Information given
* * * * * * *

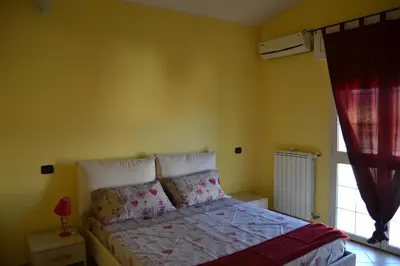 Letto o letti in una camera di La Mansarda Carbonia It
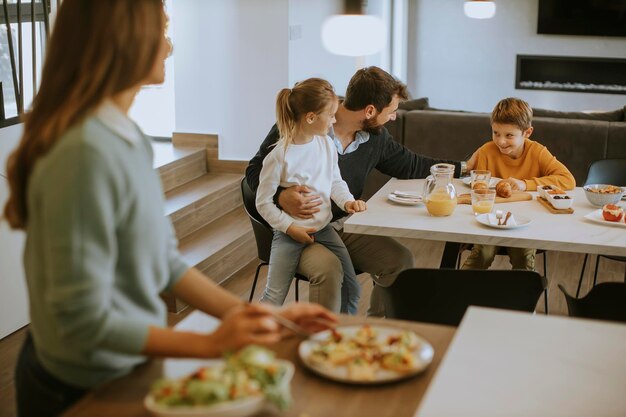 Jonge moeder bereidt ontbijt voor haar gezin in de moderne keuken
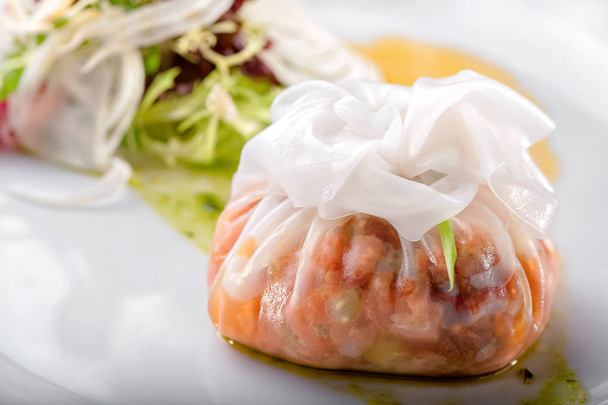 steamed stuffed dim sum from rice dough close-up and fresh salad on white plate   - 写真・画像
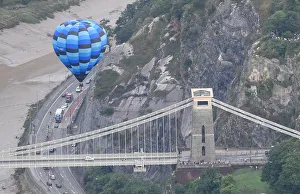 A balloon flies near the Clifton Suspension Bridge during a mass take off at the annual A balloon flies near the Clifton Suspension Bridge during a mass take off at the annual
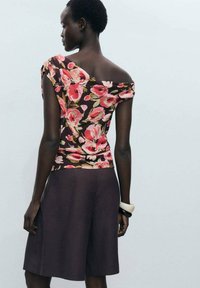 Top floreale marrone con motivi rosa e verdi, design off-shoulder. Abbinato a pantaloni corti grigio scuro fino alla caviglia e accessori chunky.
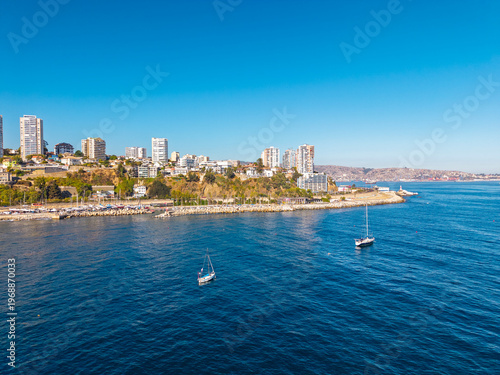 Aerial view of coastal Valparaiso city skyline with modern buildings, luxury apartments, and sailboats on the calm blue water of the Pacific Ocean in Chile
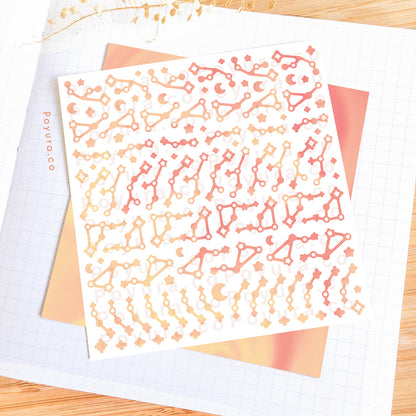 Borderless sticker with constellation star cutouts in different orange and pink tints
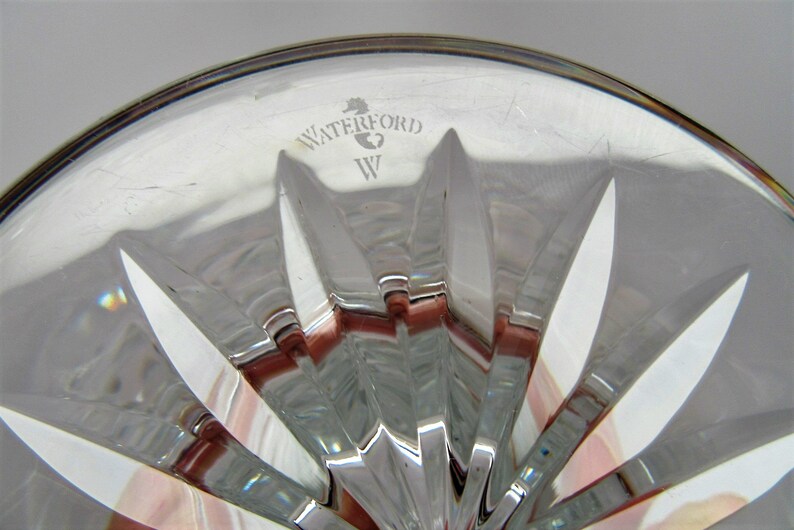 Puede incluir: Primer plano de la parte inferior de una copa de cristal Waterford. La copa tiene un patr&oacute;n de estrella y el logotipo de Waterford est&aacute; grabado en la parte inferior.
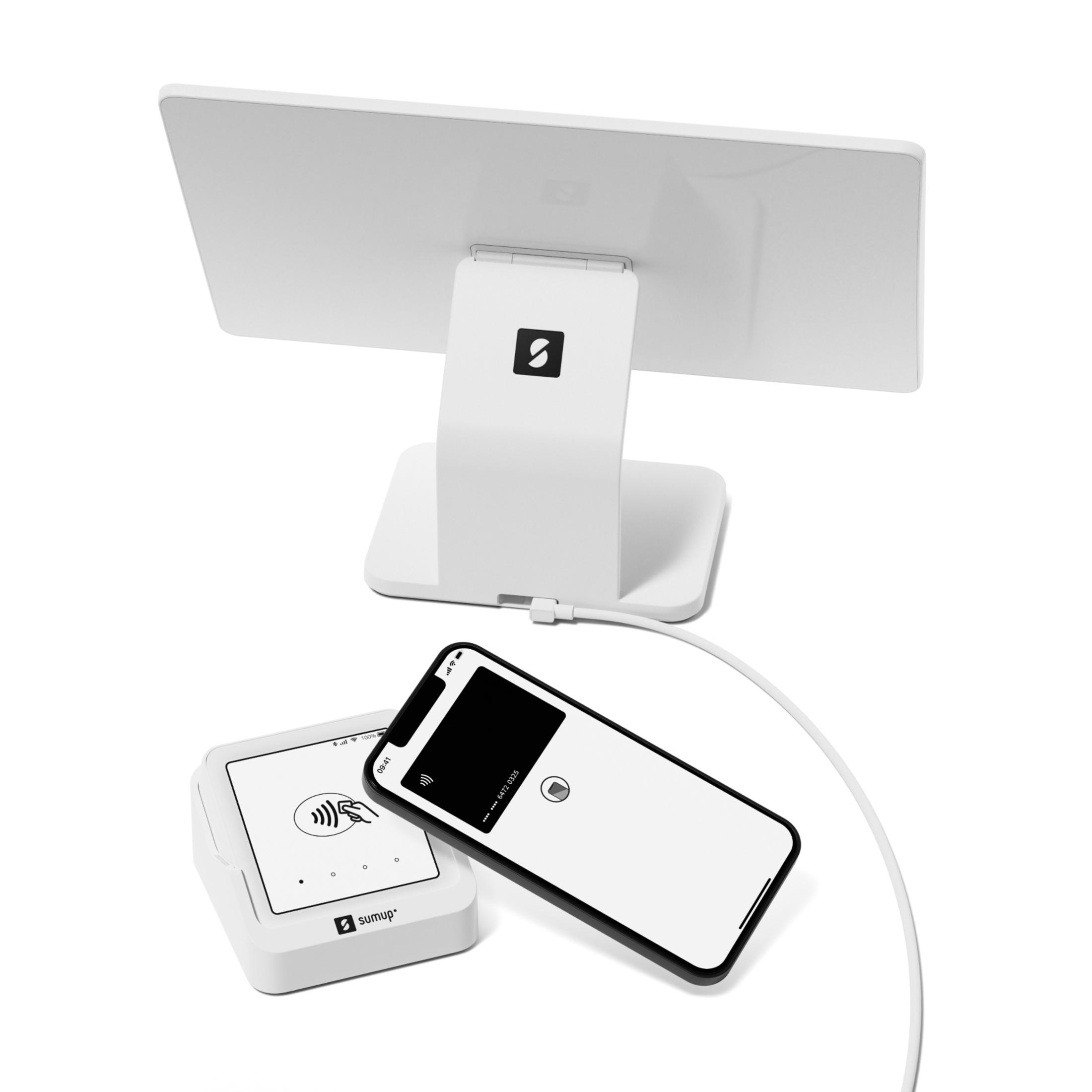 Una terminal de pago blanca con una tableta y un teléfono. Un cable blanco está conectado.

* * * * * * *

Exercise aim
The answer must be an exact copy of the lines from the one that holds "Top floreale marrone" through the end of the data, both included, with no pictures.

Response area
 Top floreale marrone con motivi rosa e verdi, design off-shoulder. Abbinato a pantaloni corti grigio scuro fino alla caviglia e accessori chunky.
 Aerial view of coastal Valparaiso city skyline with modern buildings, luxury apartments, and sailboats on the calm blue water of the Pacific Ocean in Chile
 Borderless sticker with constellation star cutouts in different orange and pink tints
 Puede incluir: Primer plano de la parte inferior de una copa de cristal Waterford. La copa tiene un patr&oacute;n de estrella y el logotipo de Waterford est&aacute; grabado en la parte inferior.
 Una terminal de pago blanca con una tableta y un teléfono. Un cable blanco está conectado.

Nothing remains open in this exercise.